PRMQ Editorial(Unofficial) [Simplicity gauranteed]






Segment Trees, Binary Search


Given an array a of N integers and Q queries where each query provides you with four integers L, R, X and Y.
For each query, output the value of F(L, R, X, Y) as count the number of primes that lie in the range x to y and that divides the number between the range l to r of A[i].

F(L, R, X, Y)

 result := 0
 for( i = X to i = Y )  {
     if( isPrime(i) ) {
         for( j = L to j = R ) {
              number := a[j]
              exponent := 0
              while( number % i == 0 ) {
                 exponent := exponent + 1 
                 number := number/i
              result := result + exponent
 return result


If you are new to Segment Trees then THIS will definitely help you get over segment tree.This is by far the best blog i have came across while reading segment trees. But if you still face hard time understanding this then you can refer to This and This videos.
This problem basically boils down to count the number of primes that lie in the range x to y and that divides the number between the range l to r of A[i]. So for that we can keep track of the prime factors of every A[i].


As 2<=A[i]<=10^6 so maximum number of prime factors can be 2x3x5x7x11x13x17x19 which exceeds 10^6. So what i did here is calculated the prime factors of all the input numbers and pushed them into an array of vectors named v. Each vector in this array stores the prime factors of the corresponding to A[i]. Now i created a segment tree using this array of vectors. While merging 2 nodes all the prime factors are inserted in sorted order of a leaf node in the segment tree so that  we can do binary search on the prime factors to count them between the numbers x and y. This is my first blog, kindly point out the mistakes if any.
Coming to the code here i have taken my node as the array of vectors.

Node of segment Tree

Here each leaf node contains a vector which has all the prime factors of a particular A[i] in sorted order.

Merging of segment nodes

while merging we are just taking the union of 2 sorted vectors.

Querying the segment tree

In each query first i am finding the segment i.e. l to r which is required by that particular query. Now after i have found such a segment i.e. now i have vector that contains the prime factors of all the numbers in the range l to r of A[i]. Now i just need to find x and y in this vector as the difference of their index will give me the count of prime divisors for that query.


Please share any other approach which is better then mine or suggest any improvements in my current approach.


Can be found here.


The explanation is shorter than Problem…

No, i dont mean that explanation should be long. You put across the point well enough. Why not discuss some implementation details, like how you made segment tree, the functions, and etc.

I applied the same approach, but instead of using vector i used map to keep record of prime divisors and their corresponding powers.
First i used segment tree but only scored 10 marks. you can check my solution here.
but after it i used fenwick tree for optimization but still scored only 30 marks. could anyone suggest me what’s wrong in my solutions. here is my solution.
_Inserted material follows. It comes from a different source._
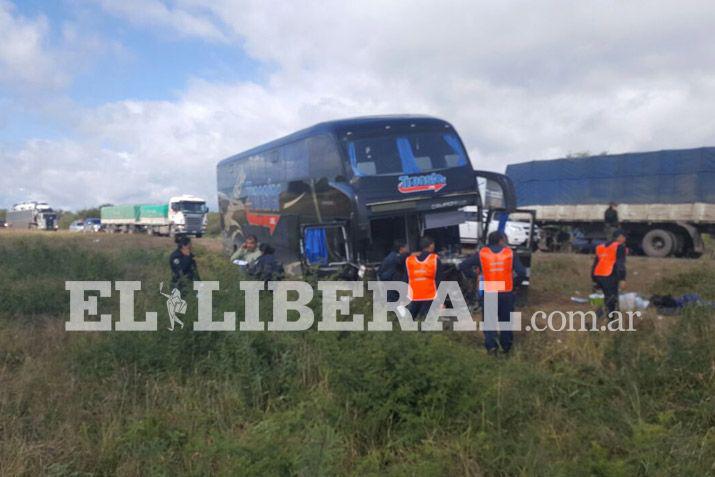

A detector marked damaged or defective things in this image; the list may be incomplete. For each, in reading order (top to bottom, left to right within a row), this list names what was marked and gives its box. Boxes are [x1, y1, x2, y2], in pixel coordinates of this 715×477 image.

damaged bus front [215, 115, 516, 276]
Hi, I viewed your solution but our approaches are different.
See instead of calculating all the prime numbers less then 10^6 we can just calculate the prime factors of each corresponding A[i]. Moreover you have used unordered_map which has o(logn) insertion and o(logn) searching in the worst case. Moreover try to use scanf and printf by including header instead of ios_base::sync_with_stdio(false);. And please go through my solution one more time you will surely understand the difference in our approaches, still if you face difficulty let me know.

Thanks for the suggestion, I have now added a perfect link to explanation of segment tree, moreover now i have also explained the node structure, merging and querying of the segment tree for this particular problem, hope this helps.

OK, i will check your solution once again. and thanks for your response.

After using the ios_base::sync_with_stdio(false); statement, cin and cout works more faster than scanf and printf. so it’s not the issue.and by calculating prime factors <10^6 won’t affect it much. I applied the same approach of prime factorization as you used. and also i think merging of two unordered_map is faster than merging of two vector, since you are using a comparison function.
and yes you are right. your approach is different than mine. As i see you didn’t use loop in query function. which gives the advantage to you.

Please tell me if you find anything incorrect in first paragraph.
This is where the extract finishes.